Exercise prompt:
Could you reproduce every record below exactly, excluding all pictures?
Data for processing Block Start
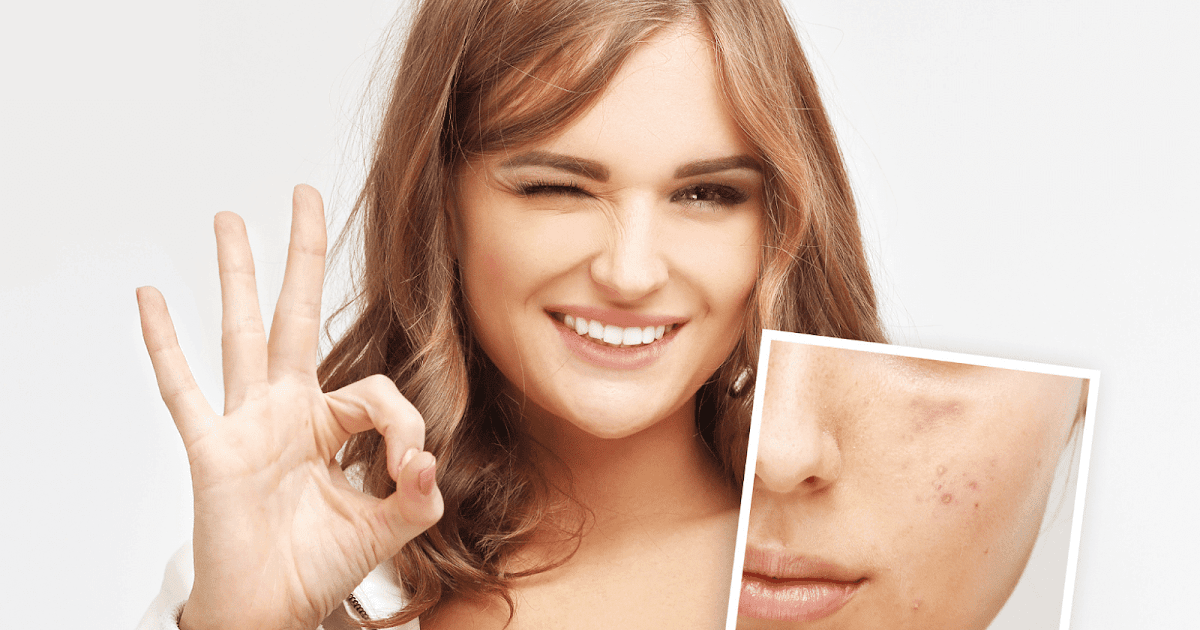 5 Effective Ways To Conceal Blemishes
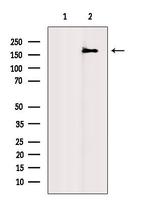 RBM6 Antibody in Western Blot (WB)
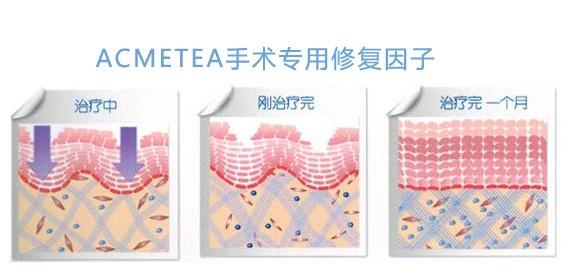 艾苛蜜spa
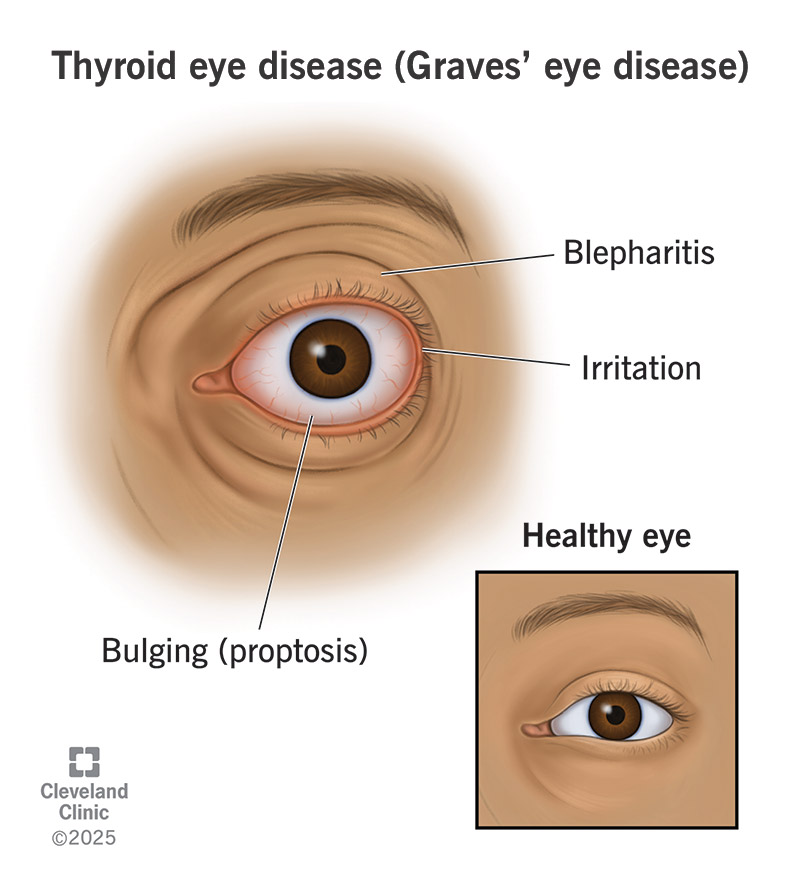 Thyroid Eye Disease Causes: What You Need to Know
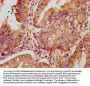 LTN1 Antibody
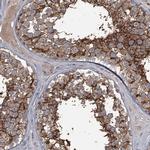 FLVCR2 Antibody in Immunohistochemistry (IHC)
Data for processing Block End
Answer area:
 5 Effective Ways To Conceal Blemishes
 RBM6 Antibody in Western Blot (WB)
 艾苛蜜spa
 Thyroid Eye Disease Causes: What You Need to Know
 LTN1 Antibody
 FLVCR2 Antibody in Immunohistochemistry (IHC)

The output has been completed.